• [TASK PROMPT]
Retype, exactly as written, every line from the one containing "Daniel Klein DK114006-5" through the last line of the records below, both included; skip the pictures.

• [SUPPLIED MATERIAL]
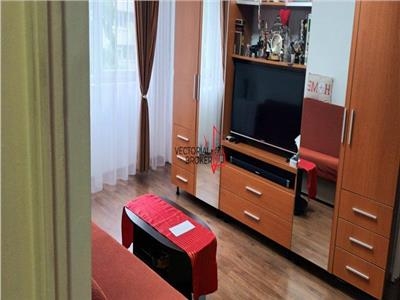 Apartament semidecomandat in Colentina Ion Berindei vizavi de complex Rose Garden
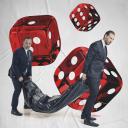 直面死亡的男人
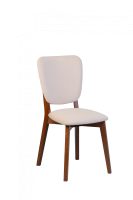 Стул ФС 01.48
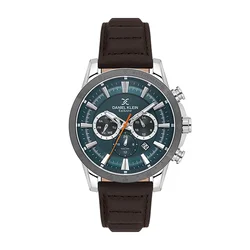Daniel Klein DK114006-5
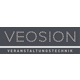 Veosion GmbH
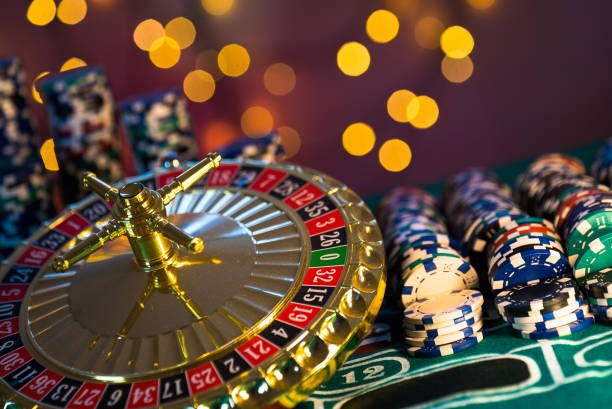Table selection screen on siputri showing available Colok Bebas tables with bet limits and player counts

• [RESPONSE TO THIS EXERCISE]
Daniel Klein DK114006-5
 Veosion GmbH
Table selection screen on siputri showing available Colok Bebas tables with bet limits and player counts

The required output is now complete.